*** Material shown Section Begins ***
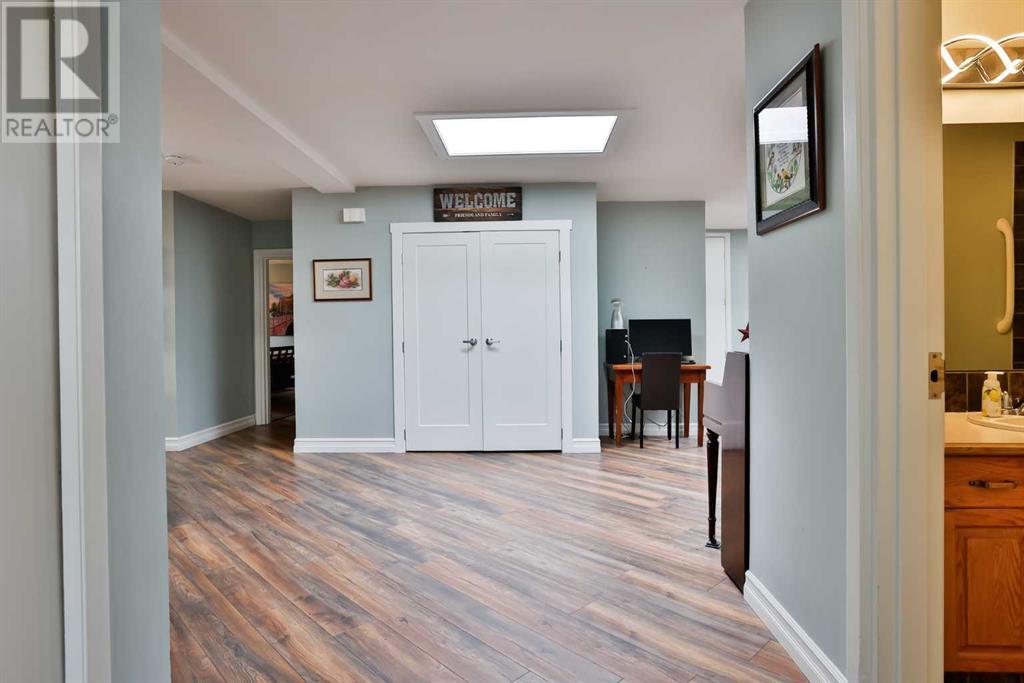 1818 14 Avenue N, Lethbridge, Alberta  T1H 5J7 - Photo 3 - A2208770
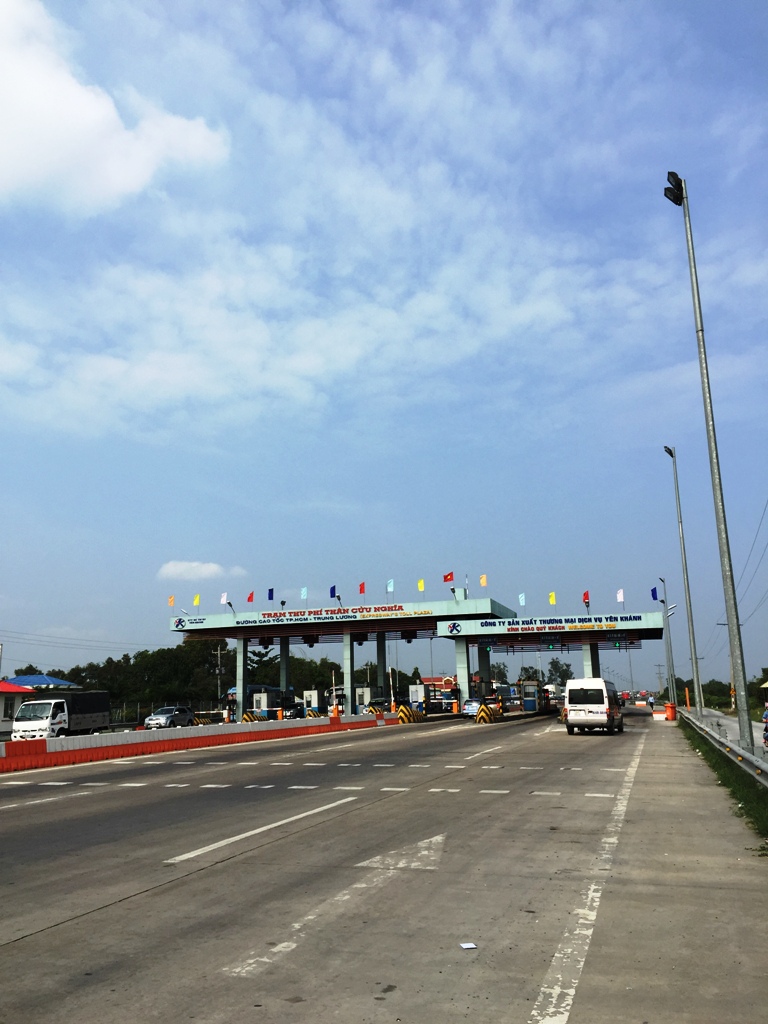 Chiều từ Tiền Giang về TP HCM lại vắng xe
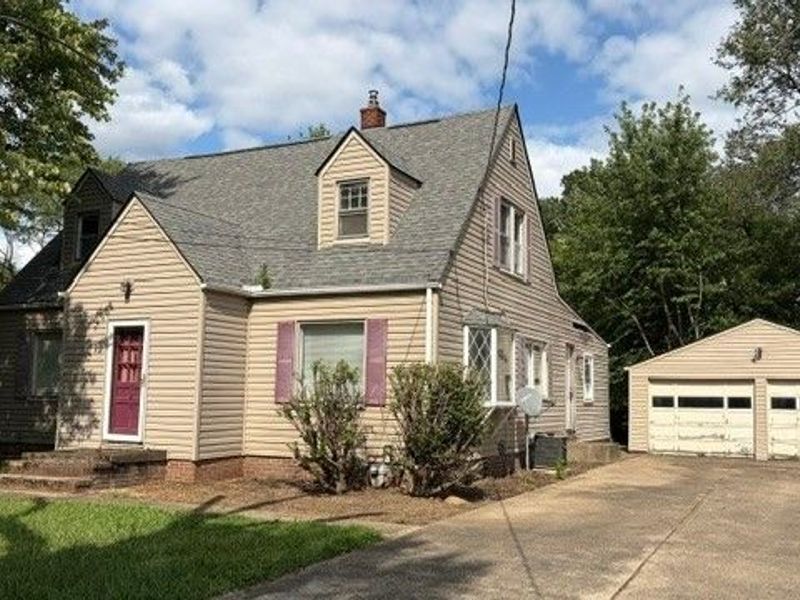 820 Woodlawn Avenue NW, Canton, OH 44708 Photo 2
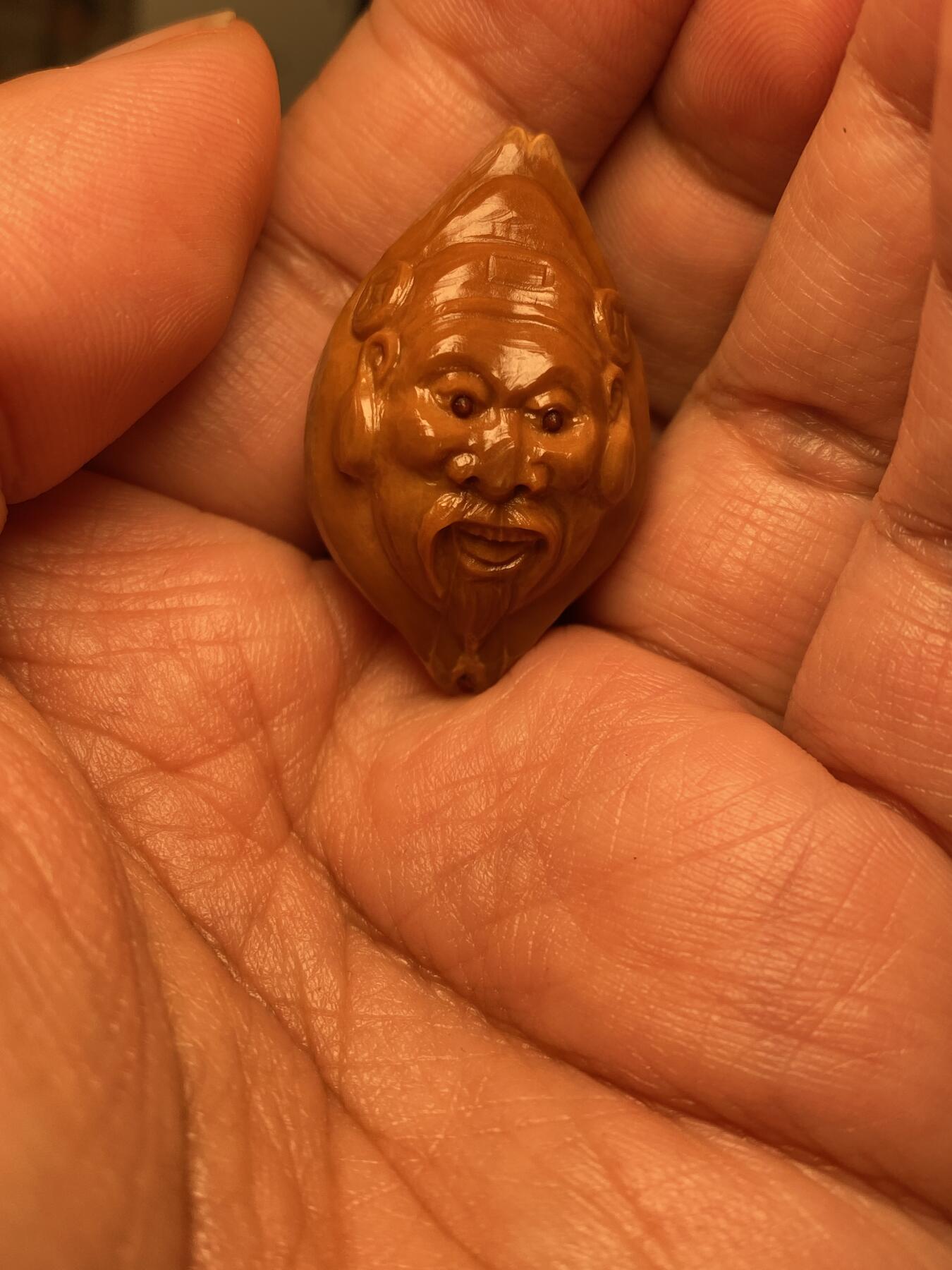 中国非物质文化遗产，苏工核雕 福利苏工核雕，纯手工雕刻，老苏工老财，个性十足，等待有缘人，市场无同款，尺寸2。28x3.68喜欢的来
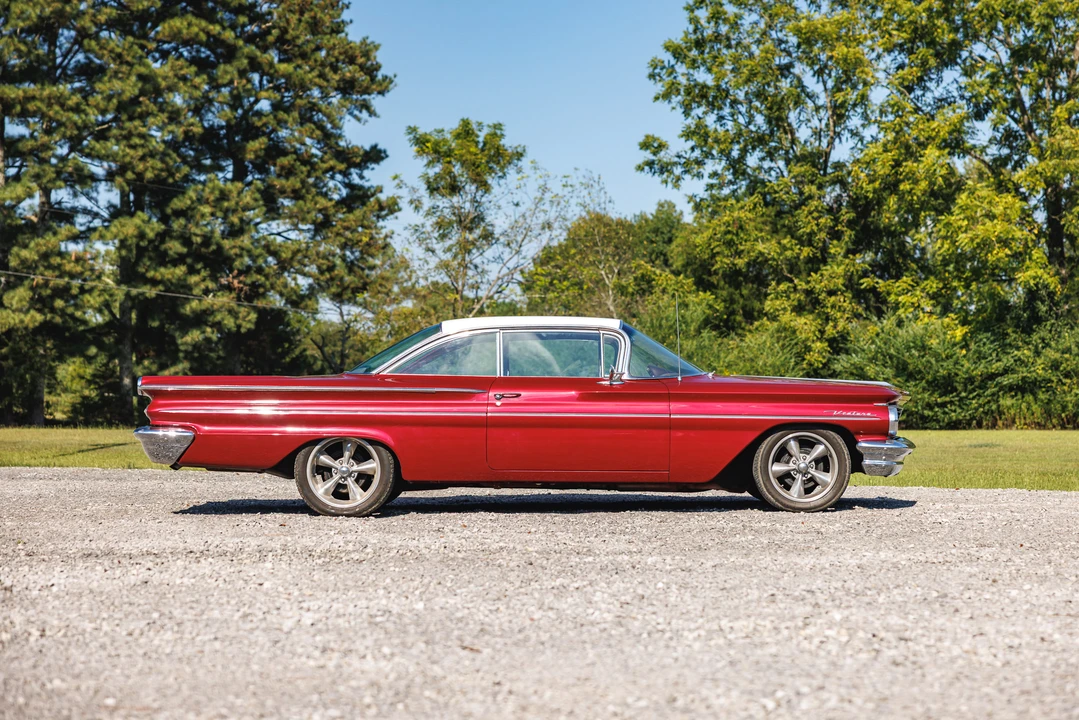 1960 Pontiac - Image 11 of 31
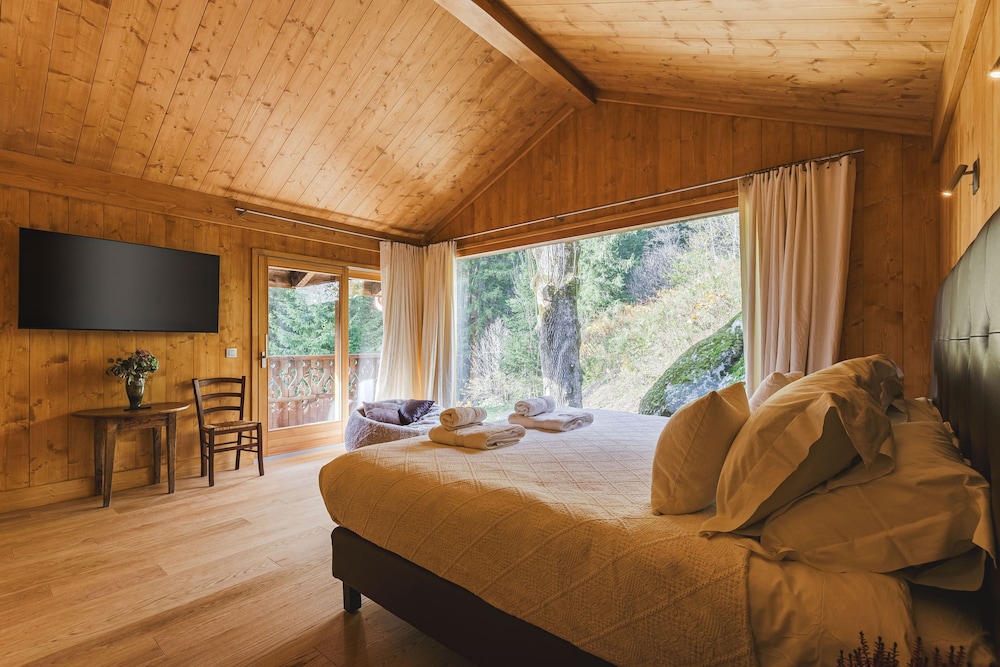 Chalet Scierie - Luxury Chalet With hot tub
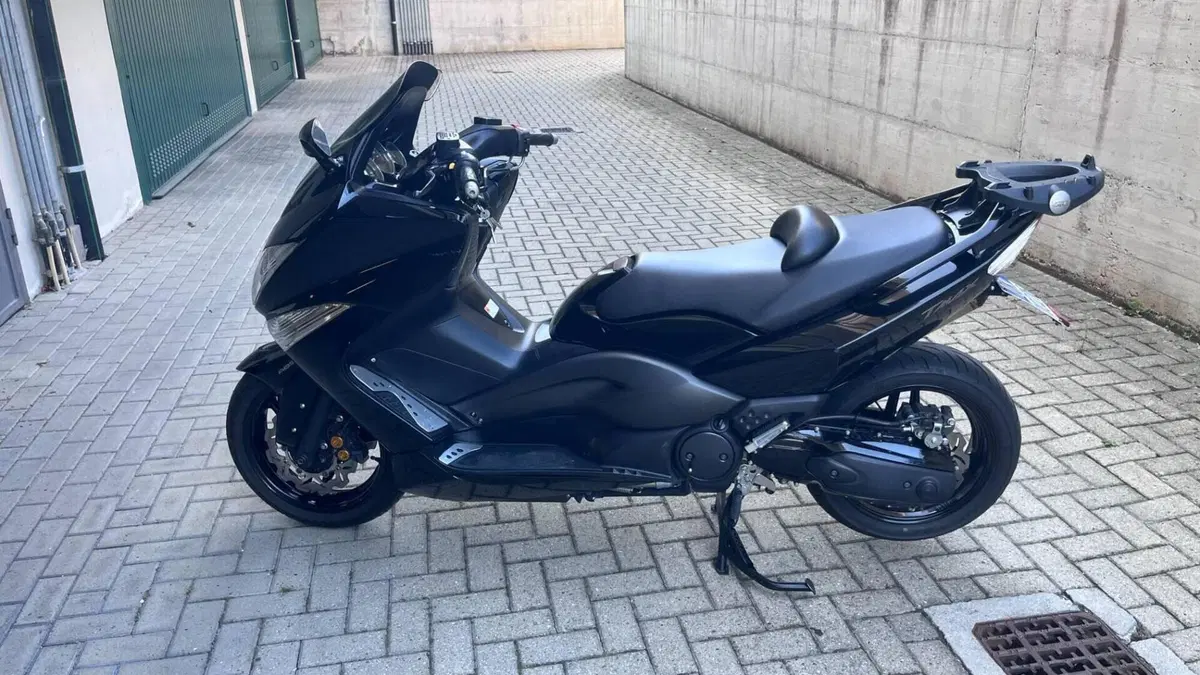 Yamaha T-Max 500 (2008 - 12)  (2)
*** Material shown Section Ends ***
Exercise objective: Copy exactly the lines that run from the one containing "Chalet Scierie - Luxury Chalet With hot tub" to the last line of the records, both included, and leave out every picture.

Written solution:
 Chalet Scierie - Luxury Chalet With hot tub
 Yamaha T-Max 500 (2008 - 12)  (2)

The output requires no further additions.